Github Metadata Analytics

Points of Inquiry

In particular, we aim to address the following set of questions

Folder Structure

The following is the implied folder structure:

.
 DataFiles
    dataset.csv
    test.csv
    train-val.csv
    train.csv
    val.csv
 DataPreparation
    DataPreperation.ipynb
    Preprocess.py
    Visualize.py
 Questions
    D - Language Commonality
       LanguageCommonality.ipynb
       Logic.py
    D - Language Success
       LanguageSuccess.ipynb
       Logic.py
    D - License Prevalence
       LicensePrevalence.ipynb
       Logic.py
    D - Size & Contribution Effect
       Logic.py
       SizeAndContributionEffect.ipynb
    E - Arbitrary Language Predictors
       ArbitraryLanguagePredictors.ipynb
       Logic.py
    E - Contributions & Watchers
       Contributions & Watchers.ipynb
       Logic.py
    E - Database & Frameworks Correspondence
       Databases&Frameworks.ipynb
       Logic.py
    E - Language Associations
       Language Associations.ipynb
       Logic.py
    E - Licenses, Language & Size
       Licenses, Language & Size.ipynb
       Logic.py
    I - Generalizing Archival Trends
       Generalizing Archival Trends.ipynb
       Logic.py
    I - Generalizing Dynamic Typed Languages
       Generalizing Dynamic Typed Languages.ipynb
       Logic.py
    P - Expected Language Archivals
       ExpectedLanguageArchivals.ipynb
       Logic.py
       langs.txt
    P - Expected Python Contributions
        Expected Python Contributions.ipynb
        Logic.py
 README.md
 LICENSE
 Reports & Dashboard
 DS Project.pdf
 DS Proposal.pdf
 script.py
 utils.py

Standards

We have set the following set of working standards as we were undertaking the project.
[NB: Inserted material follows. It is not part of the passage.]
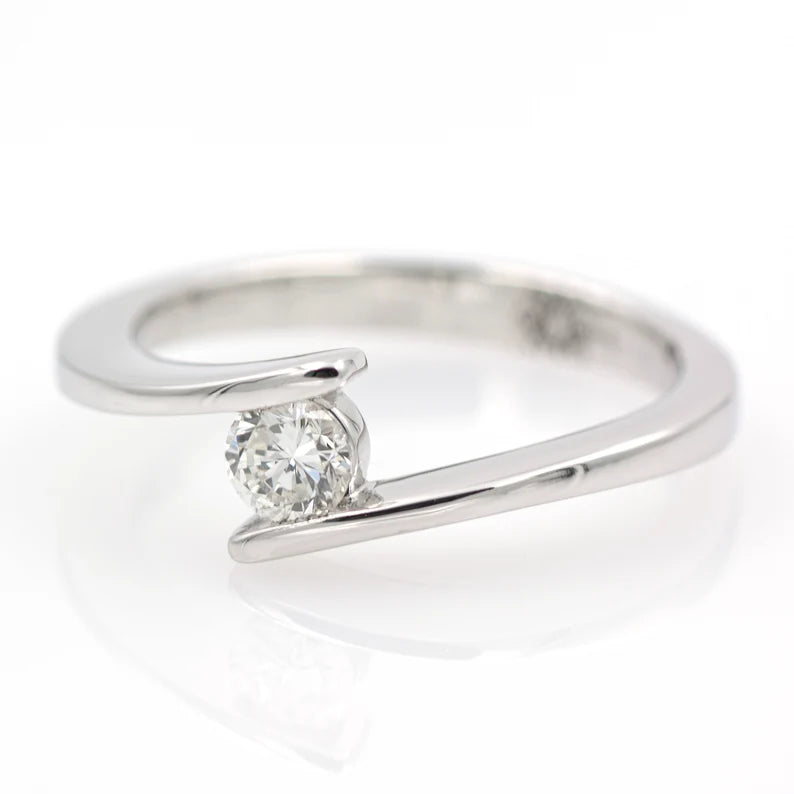 925 Sterling Silver Solitaire Ring – Elegant Minimalist Engagement Ring for Women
If you wish to contribute for any reason then please respect such standards.

Pipeline

We harnessed the data science cycle for each of the questions. This includes an epicycle that applies in each stage. As in the standards, each notebook corresponding to a question was structured into the 5 stages of the cycle. We also logged our iterations for the epicycle in each stage using a table under that stage in the notebook.

To optimize the cycle over different questions, we also employed a single data preparation stage to include most of the common required processing over different questions.

Running the Project

pip install requirements.txt
# To explore the cycle for any question, simply head to its notebook.

In the rest of the README, we will explore the data preparation stage, the cycle for 2 or 3 questions and some dashboards!

Data Preparation

Our dataset was Kaggle's Github Metadata dataset. An observation from the dataset is shown below

{
  "owner": "pelmers",
  "name": "text-rewriter",
  "stars": 13,
  "forks": 5,
  "watchers": 4,
  "isFork": false,
  "isArchived": false,
  "languages": [ { "name": "JavaScript", "size": 21769 }, { "name": "HTML", "size": 2096 }, { "name": "CSS", "size": 2081 } ],
  "languageCount": 3,
  "topics": [ { "name": "chrome-extension", "stars": 43211 } ],
  "topicCount": 1,
  "diskUsageKb": 75,
  "pullRequests": 4,
  "issues": 12,
  "description": "Webextension to rewrite phrases in pages",
  "primaryLanguage": "JavaScript",
  "createdAt": "2015-03-14T22:35:11Z",
  "pushedAt": "2022-02-11T14:26:00Z",
  "defaultBranchCommitCount": 54,
  "license": null,
  "assignableUserCount": 1,
  "codeOfConduct": null,
  "forkingAllowed": true,
  "nameWithOwner": "pelmers/text-rewriter",
  "parent": null
}

Our data preparation module was used for all questions and supported the following:

Reading specific splits of the data (train, test, val)
Reading specific columns of the data (by name or type)
Breaking down composite columns
Deleting useless columns
Handling missing values
Handling outliers by multiple imputation
Extracting time features

Basic Feature Analysis

After using domain knowledge to handle missing values and using multiple imputation with stochastic gradient descent, we obtain the following violin plots

Myriad of other plots, statistics, insights for each and epicycle logging are present in the demonstration notebook which like all Github, should be viewed in dark mode.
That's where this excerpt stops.